Friday, December 26, 2008

Pulp Mill Returns To The Brink Of Water Shut-Off

Special meeting of Water Board to deal with another round of past due bills

Humboldt Sentinel
12/26/08
By Sentinel Staff

EUREKA -- Humboldt Bay Municipal Water District trustees are in much the same position they were two weeks ago, as the idle Evergreen Pulp Mill is yet again in default on its water bill.

“If the mill fails to pay us for the water, our only remedy is to shut off the water,” Water Board president Bruce Rupp said at their last special meeting on Dec. 8. “Nothing in life is free, if we ship it to the mill, somebody is paying for it.”

A new special meeting is set for 9 a.m. on Tuesday, Dec. 30 at Eureka City Hall, where trustees will consider water service termination and other default remedies -- although their agenda also includes the possible adoption of an interim agreement to temporarily continue water service.
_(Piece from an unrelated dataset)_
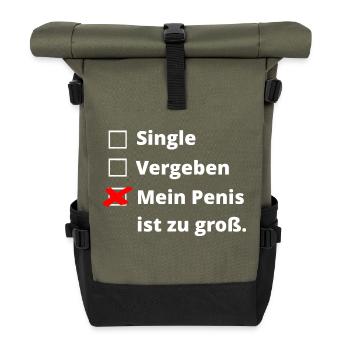 Penis zu groß - Rolltop Rucksack - Olive/Schwarz - Vorne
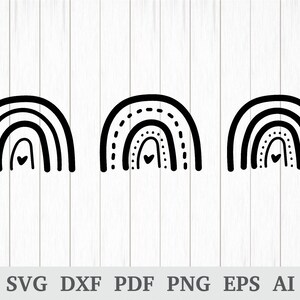 Boho Rainbow svg, Boho Rainbow svg bundle, Rainbow with heart svg, Boho Rainbow PNG, cricut & silhouette, dxf, ai, pdf, png, eps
Public safety officials from the town of Samoa made it clear to the Water Board earlier this month that they continue to be dependent on the industrial supply of water to Evergreen for their basic fire suppression capacity.

An in-person appearance apparently isn’t the highest priority for one of the five elected Water Board members, as Division One trustee Kaitlin Sopoci-Belknap has instead opted to participate by phone.

Under public meeting law in California, any elected official choosing to participate remotely in a noticed hearing must be in a publicly accessible location, should the public wish to make themselves directly heard to the official. For any local ratepayers looking to make a 1,000 mile trip to the Sopoci-Belknap ancestral abode in New Mexico, she will be phoning in from 1316 Galisteo Parkway in Santa Fe.

2 comments:

samoasoftball said...

Charles: This might be the beginning of the end for the Pulp Mill. Too bad it has came to this. See you Tuesday!

Charles Douglas said...

It doesn't seem so likely that they'll come up with the money this time around. I'm similarly fatalistic on the mill's future.

I'm more curious to see what Samoa public agencies have done with the briefly extended lease on life they got to make alternative arrangements for their water supply.

Needless to say, I'm sadly confident that the Water Board has done little to nothing to really cope with the big hike in water bills coming down the pike, which will only drive more businesses to the brink of closure and more residents to be brink of bankruptcy.